Problem requirements
Please work out how many lines in the data below hold the word "with", and state only the number.

Excerpted data
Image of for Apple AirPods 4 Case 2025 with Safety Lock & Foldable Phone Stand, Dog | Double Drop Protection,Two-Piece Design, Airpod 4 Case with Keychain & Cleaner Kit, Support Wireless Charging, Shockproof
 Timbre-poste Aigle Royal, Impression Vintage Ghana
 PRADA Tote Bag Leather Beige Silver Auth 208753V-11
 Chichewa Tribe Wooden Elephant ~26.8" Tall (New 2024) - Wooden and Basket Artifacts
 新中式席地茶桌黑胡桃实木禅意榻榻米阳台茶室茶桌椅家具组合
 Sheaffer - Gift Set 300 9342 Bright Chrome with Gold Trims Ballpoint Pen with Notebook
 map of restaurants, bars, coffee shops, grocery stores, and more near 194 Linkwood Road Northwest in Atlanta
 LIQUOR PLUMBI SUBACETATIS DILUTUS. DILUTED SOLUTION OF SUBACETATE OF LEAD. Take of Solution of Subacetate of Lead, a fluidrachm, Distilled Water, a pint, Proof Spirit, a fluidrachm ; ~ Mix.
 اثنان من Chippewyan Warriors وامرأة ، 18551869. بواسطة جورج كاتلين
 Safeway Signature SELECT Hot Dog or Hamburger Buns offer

Answer to this problem
2